Türkiye hem aşırı cari açık vermekte hem de giderek daha kısa vadeli ve yüksek maliyetle borçlanmaktadır. Nitekim Ocak-Mayıs döneminde 37 milyar 696 milyon $, aynı dönemde yıllıklandırılmış da 59 milyar 961 milyon $ cari açık vermiştir. Diğer yandan kalan vadeye göre Mayıs ayındaki kısa vadeli dış borç stoku 207 milyar 315 milyon $’dır.

Şimşek- Erkan politika değişikliği sürdürülemez iç ve dışa açık yapısını değiştirebilecek mi? sorusuna, Merkez Bankası Başkanı H. Gaye Erkan’ın 27 Temmuz’daki “ Enflasyon Raporu 2023-III” sunumu ve sunumdaki yaptığı konuşmada bir anlamda yanıt verilmiş; 2024’ün ikinci yarısından sonra bugünden uygulama hedefi belirlenmiş politikaların sonuçlarının hissedileceği; “2025 yılı sonrasını ise istikrar döneminin başlangıcı olarak” görüleceğidir. Bu çerçevede, 2023 Haziran- Mart 2024 döneminin bir anlamda “Ortodoks Politikalar”a dönülmüş gibi piyasalar üzerinde bir algı oluşturacak bir politika demeti devreye alınırken, kamu destekli kredi genişlemesi temelinde özel tüketime dayalı ekonomik yapının da Ekim sonrası yeniden devreye alınmasına da yol veren bir yapıyı da hedeflediği görülmektedir.

Bir yandan Körfez Turu bağlamında Türkiye’ye gelebilecek sıcak para ve Varlık Fonu’ndaki “varlıklar”ın satılması yoluyla cari işlemler açığını finanse etme ve kısa vadeli dış borçları ödeyebilecek rezervler ile yaşanması olası bir “Ödemeler Dengesi Krizi”ni önlemeyi hedeflenmekte; diğer yandan da cari işlemler açığını azaltacak önlemlere ağırlık verilmektedir.

Cari işlemler açığını ortaya çıkaran temel etmen dış ticaret açığıdır. Türkiye 2022 Ocak- 2023 Mayıs döneminde 165,5 milyar $’ın üzerinde bir açık vermiş ve aylık ortalama 9,8 milyar $ dış ticaret açığı söz konusudur. Bu dönemin başında %83,9 olan hammadde ithalatı dönem sonunda %74’e gerilerken, tüketimin payı %6,1’den %12 düzeyine çıkmıştır.
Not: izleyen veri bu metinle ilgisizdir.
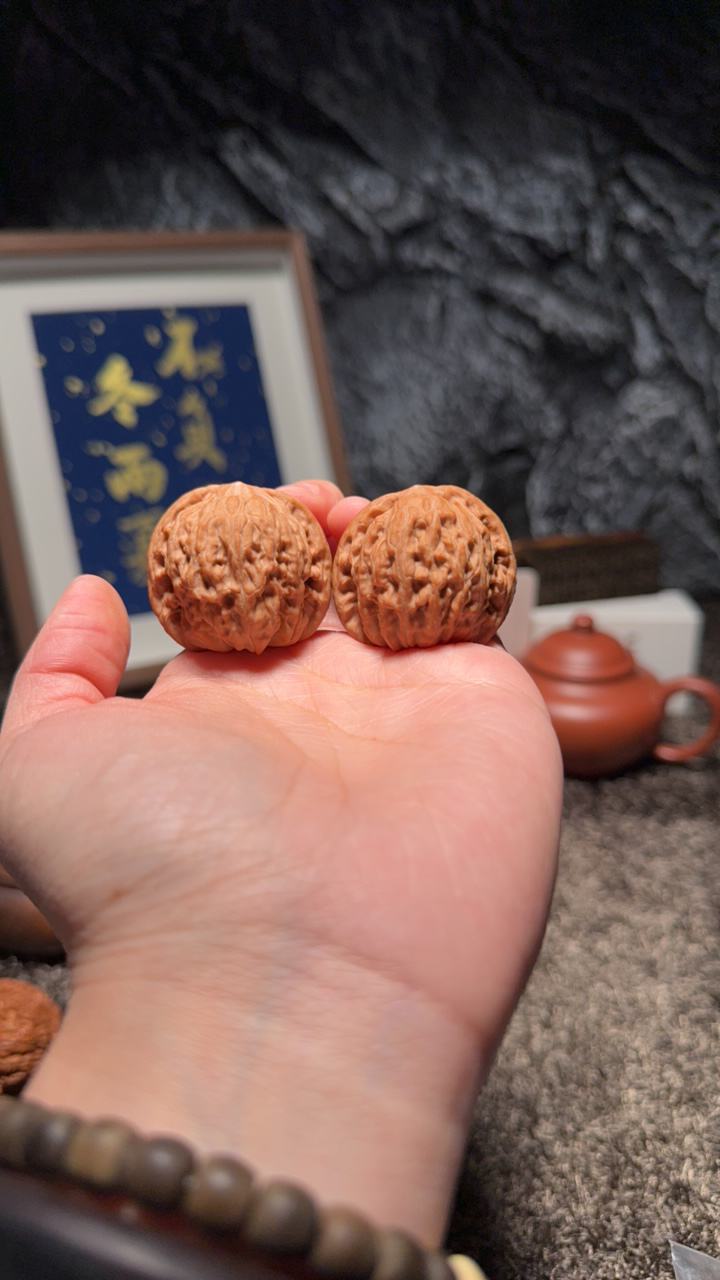 文玩核桃 房山磨盘6078号36.5尺寸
Türkiye’de Haziran öncesi uygulanan “Kamu Destekli Kredi Genişlemesine Dayalı Büyüme Modeli” tüketim ithalatının da patlatmıştır. Bu tüketim ithalatı Haziran ayında miktarsal olarak çok az düştüğünden toplam ithalat içindeki payı da %13,9 düzeyine çıkmış; hammaddenin payındaki önemli değer düşüşü nedeniyle %71,5 düzeyine gerilemiştir.
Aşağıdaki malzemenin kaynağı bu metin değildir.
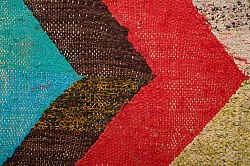 Marokkaanse Berber tapijt Boucherouite 135 x 265 cm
Ticaret Bakanlığı’nın Temmuz 2023 verileri incelendiğinde ise ihracat 20 milyar 93 milyon $, ithalat ise 32 milyar 476 milyon $ ve dış ticaret açığı da 12 milyar 383 milyon $ olarak gerçekleşmiştir. İthalatın içinde hammaddenin payı %70, yatırımın payı %16, tüketimin payı da %14’tür.

Türkiye’nin üretim yapısı ithalata bağımlılık arz etmektedir. Türkiye’nin üretim yapısı hammadde ithal eden ve ithal ettiği hammaddeyi nihai mala dönüştürmek yerine, çok küçük bir işlemden geçirerek ihraç etmesi modeline dayalıdır. Bu nedenle, iç tüketim talebini karşılama dışında, özellikle imalat sanayi üretimi ithalat yapabilme kapasitesine bağlıdır. Hammadde ve yatırım malı ithalatında bir gerileme Türkiye’de imalat sanayi üretimini düşürecektir. Nitekim Şimşek döneminde uygulanan politika sonuçları, modelin bir farklılığını ortaya koymamaktadır. Tüketim temelli büyüme modeli, tüketim malları ithalatında bir azalma meydan getirmemiş, üretim için gerekli olan hammadde ithalatında oransal azalma devam etmiştir.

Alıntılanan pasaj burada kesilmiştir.